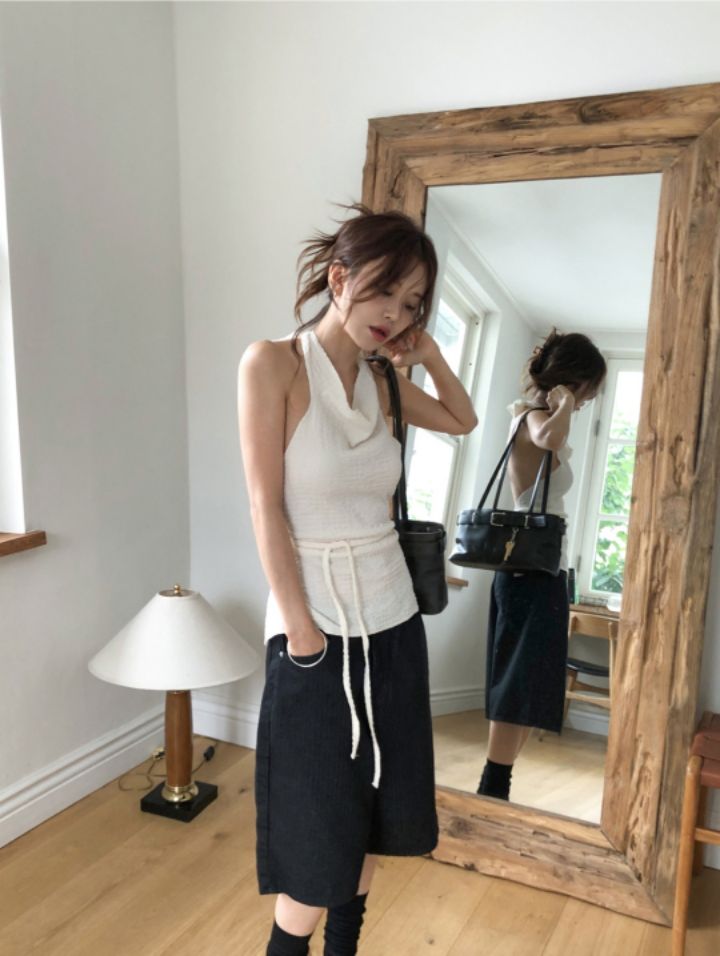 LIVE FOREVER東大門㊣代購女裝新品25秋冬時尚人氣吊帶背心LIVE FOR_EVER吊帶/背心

--

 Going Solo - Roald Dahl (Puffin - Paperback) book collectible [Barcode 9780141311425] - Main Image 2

--

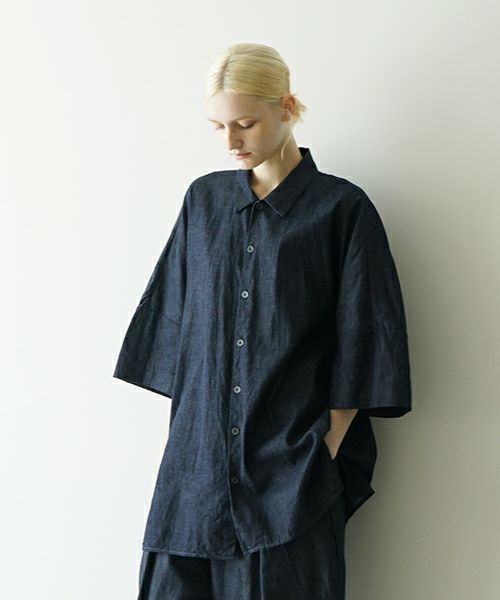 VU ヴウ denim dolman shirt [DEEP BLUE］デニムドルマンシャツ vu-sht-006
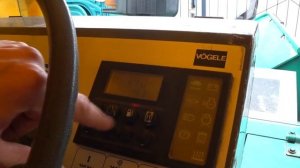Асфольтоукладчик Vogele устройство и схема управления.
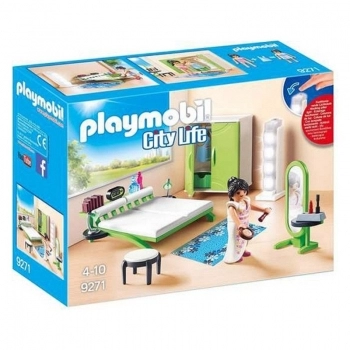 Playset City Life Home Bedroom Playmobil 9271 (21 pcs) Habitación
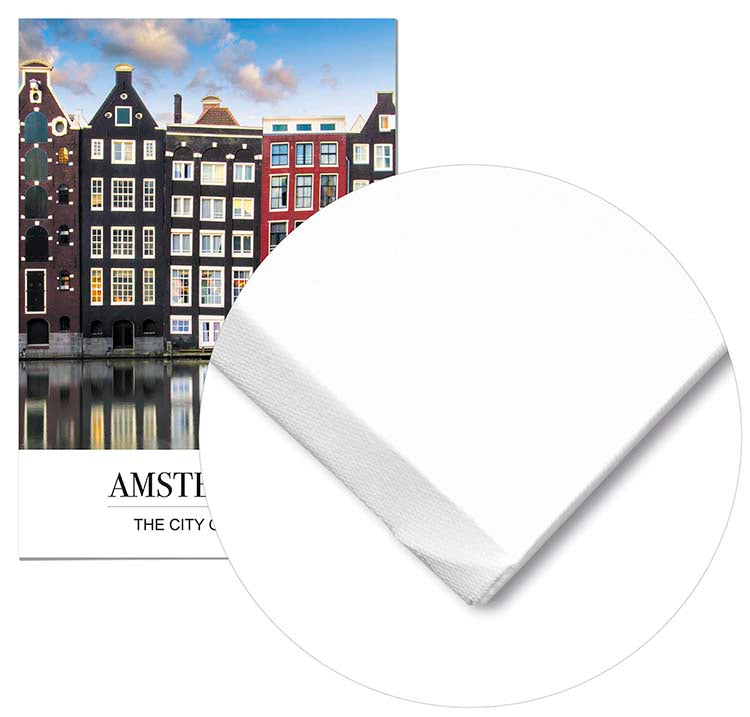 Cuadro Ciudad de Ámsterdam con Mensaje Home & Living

*Work instruction*: Among the lines above, the one with "VU ヴウ denim" opens the part to repeat and the one with "Cuadro Ciudad de" closes it; repeat only that part exactly, with no pictures.

*Result for this task*:
 VU ヴウ denim dolman shirt [DEEP BLUE］デニムドルマンシャツ vu-sht-006
Асфольтоукладчик Vogele устройство и схема управления.
 Playset City Life Home Bedroom Playmobil 9271 (21 pcs) Habitación
 Cuadro Ciudad de Ámsterdam con Mensaje Home & Living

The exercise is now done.